Introduction and hypothesis: Human menopause transition and post-menopausal syndrome, driven by reduced ovarian activity and estrogen levels, are associated with an increased risk for symptoms including but not limited to sexual dysfunction, metabolic disease, and osteoporosis. Current treatments are limited in efficacy and may have adverse consequences, so investigation for additional treatment options is necessary. Previous studies have demonstrated that percutaneous tibial nerve stimulation (PTNS) and electro-acupuncture near the tibial nerve are minimally invasive treatments that increase vaginal blood perfusion or serum estrogen in the rat model. We hypothesized that PTNS would protect against harmful reproductive and systemic changes associated with menopause.
Methods: We examined the effects of twice-weekly PTNS (0.2 ms pulse width, 20 Hz, 2× motor threshold) under ketamine-xylazine anesthesia in ovariectomized (OVX) female Sprague-Dawley rats on menopause-associated physiological parameters including serum estradiol, body weight, blood glucose, bone health, and vaginal blood perfusion. Rats were split into three groups (n = 10 per group): (1) intact control (no stimulation), (2) OVX control (no stimulation), and (3) OVX stimulation (treatment group).
Results: PTNS did not affect serum estradiol levels, body weight, or blood glucose.

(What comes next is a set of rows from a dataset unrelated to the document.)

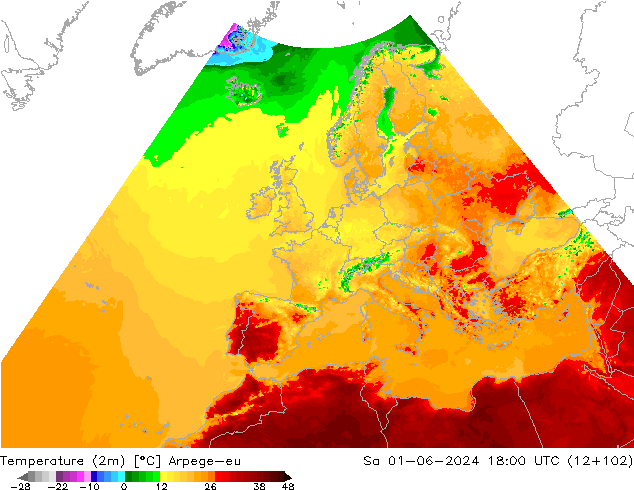 Temperaturkarte (2m) Arpege-eu Sa 01.06.2024 18 UTC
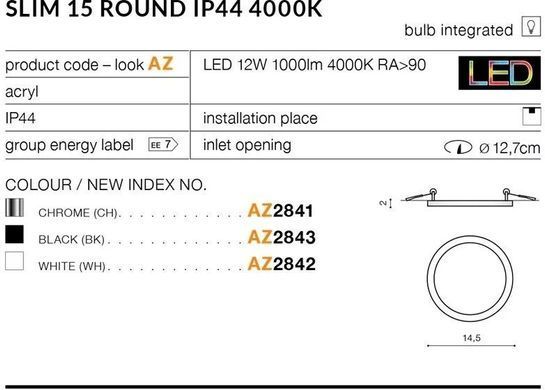 Точечный врезной светильник Azzardo AZ2841 Slim 15 Round 4000K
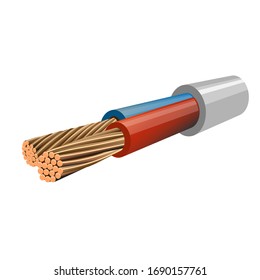 2 core PVC insulated copper flexible cable. Vector illustration isolated on white background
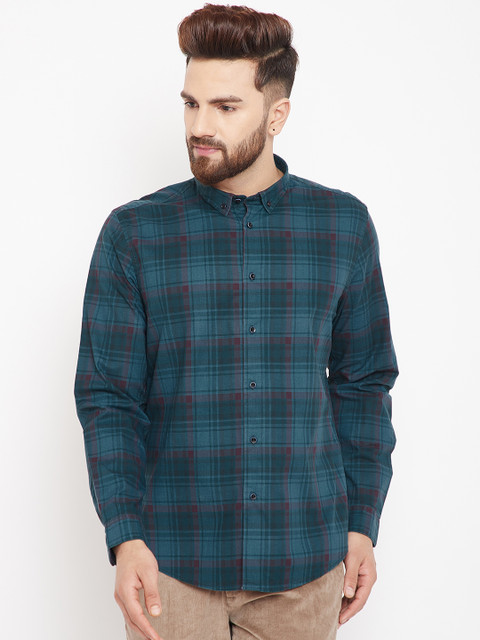 

Blackberrys Men Teal Green & Burgundy Slim Fit Checked Casual Shirt
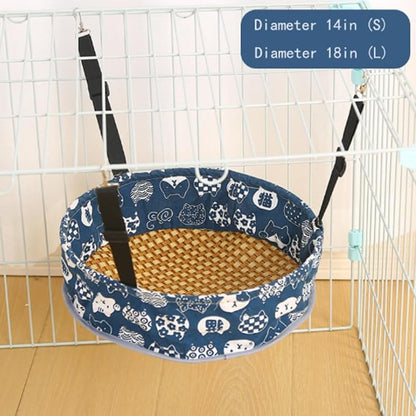 Cat Hammock Cat Hanging Bed for Cage, Adjustable Straps, for Kennel Chair with Metal Frame, for All Seasons (Blue, S)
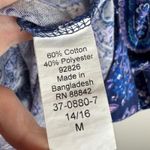 Woman Within Paisley Tunic Top Size 14/16 Blue V-Neck Stretch Boho Comfy Modest Photo 5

PTNS transiently increased vaginal blood perfusion during stimulation for up to 5 weeks after OVX and increased areal bone mineral density and yield load of the right femur (side of stimulation) compared to the unstimulated OVX control.
Conclusions: PTNS may ameliorate some symptoms associated with menopause. Additional studies to elucidate the full potential of PTNS on menopause-associated symptoms under different experimental conditions are warranted.
Keywords: Bone mineral density; Electrical stimulation; Menopause; Neuromodulation; Tibial nerve; Vaginal blood perfusion.
© 2022. The International Urogynecological Association.